Another T.J. line-drive three, 23-14, 5:00 on the clock. This time from 10 o'clock behind the arc. "He can shoot." The early bulge goes to 25-14, the first time Foothills has led Bishop's by double figures. T.J., who is human, doesn't sprint downcourt on defense, his one shortcoming I can spot. Omajae called for a technical for unsportsmanlike conduct with 2:30 left.

Woodley, Sheth passing up shots or being harassed when they do shoot. It's a tall forest in there.

T.J. draws a double- or triple-team, then passes to the open man. Definitely an aware and good passer. The first half ends 35-21, with Foothills pulling away after Bishop's closing the gap to 27-21 on one of the technical free throws by senior Eric Yu, playing his final high school game alongside McCroskey.

In the second half, Paranada (which means "for nothing") shoots jumpers and scores on layups consistently. T.J., at one point, gets removed from the game by his dad and chewed out--"We were just getting our communication straightened out" on a defensive alignment, the son says--then is quickly reinserted.

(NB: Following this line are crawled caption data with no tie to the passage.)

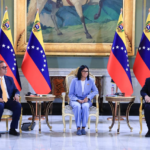 ¡ENTRE GENERAL ELECTRIC Y CORPOELEC! Concretan Memorando de Entendimiento para la recuperación del sistema eléctrico nacional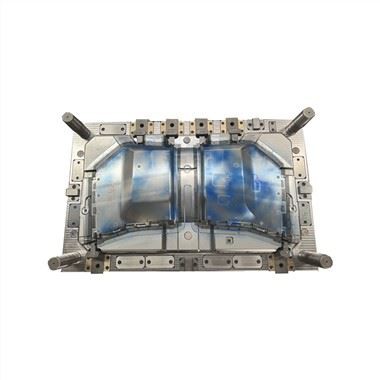 Motlle de placa de coberta lateral de motocicleta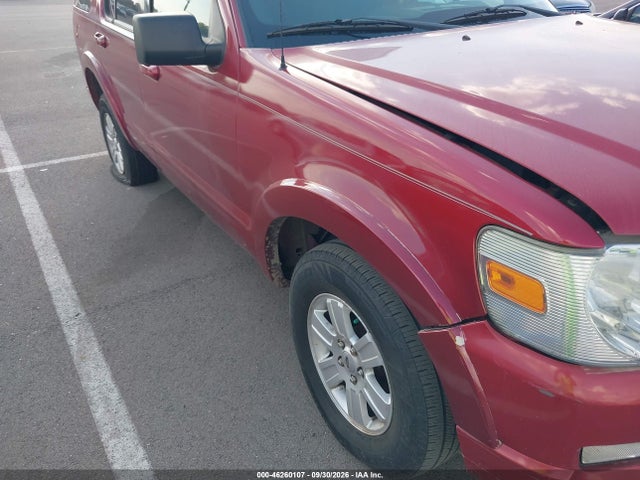 Продаж на аукціоні авто 2010 Ford Explorer Xlt, vin: 1FMEU6DE1AUA74472, номер лоту: 46260107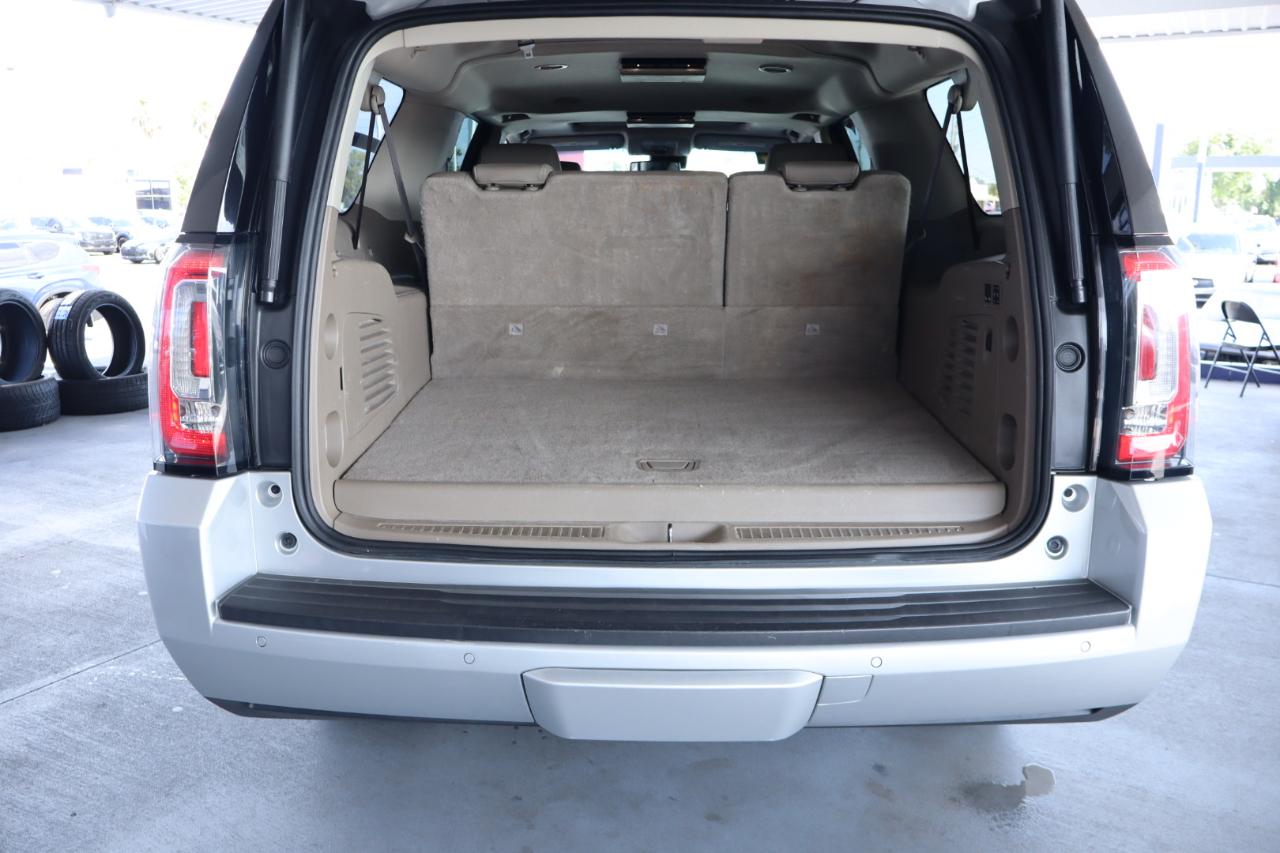 GMC Yukon XL 2WD 4dr SLT 2020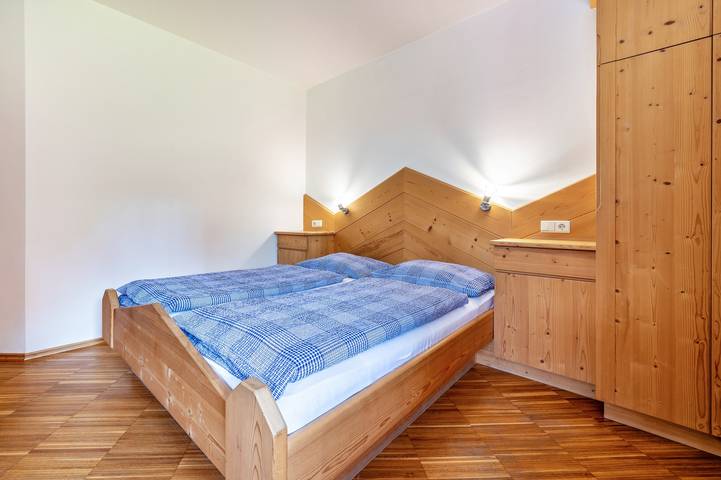 Entire apartment, Holiday Apartment "Lindenhof 9" with Shared Garden & Wi-Fi in Dörfl, Vintl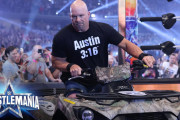 【朗報】ストーンコールド・スティーブ・オースチンがレッスルマニア38で19年ぶり試合復帰！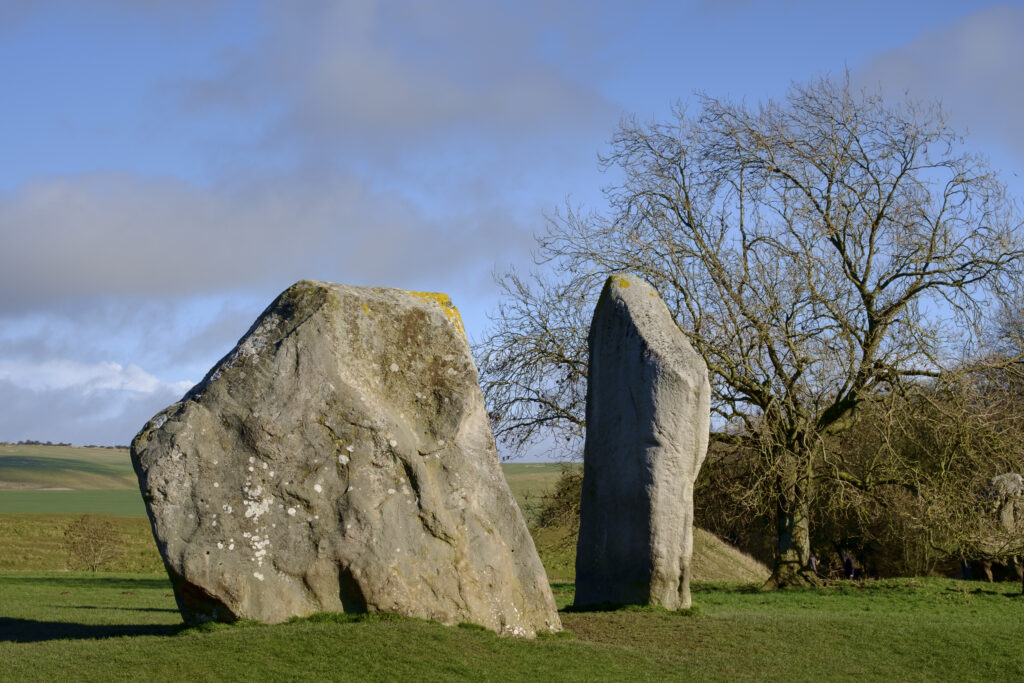 England, Wiltshire, Stonehenge & Avebury World Heritage Site (WH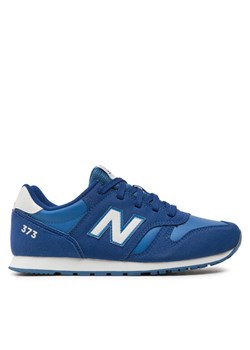 New Balance Sneakersy YC373VO2 Niebieski ze sklepu MODIVO w kategorii Buty sportowe dziecięce - zdjęcie 182746208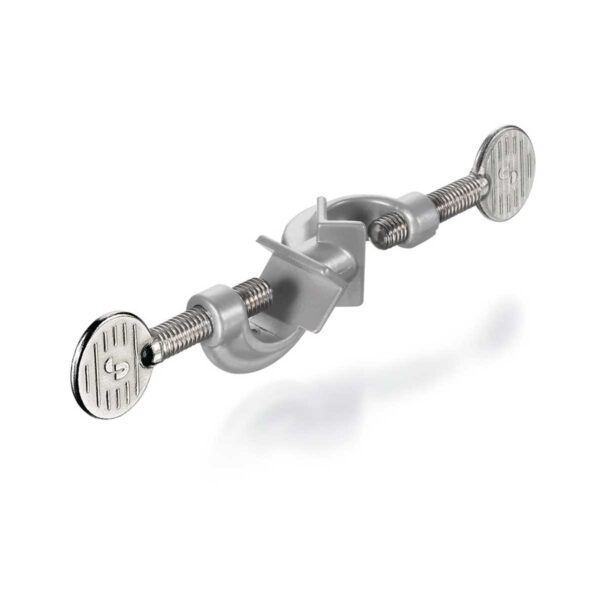 Nuez en aluminio para sujeción fija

The big boy has two slam dunks, one on a putback, the other an authoritative move to the basket. The crowd loves the show. Leaf also scores off a pass on an inbounds play. He backs Sahil in, then turns to shoot. He does that from the left box. He shows he can do similar from the right box, in addition to his outside shooting. He's not the only one slam-dunking--Omajae does it easily, too.

At 48-27, the win secure: "They're playing against their own standard, not against Bishop's." The shorter Knights are game but overmatched. 74-52 the final. It takes one hour, five minutes for Foothills to dispatch their second round opponents.

T.J.: "We started off slow. We knew what we wanted to do. Nikko is huge. He doesn't make turnovers. That's the biggest thing." Appears very comfortable in a quick on-court interview immediately following the win.

Bishop's Yu, who helped beat the Vikes three days earlier: "We shared the ball well. In the first half we stayed aggressive and didn't get intimidated." Regarding playing his last game with his backcourt mate McCroskey: "It was a lot of fun playing against him on club teams. He didn't play last year." Finally: "I'm really proud of our team this year. We weren't the biggest, but we played hard."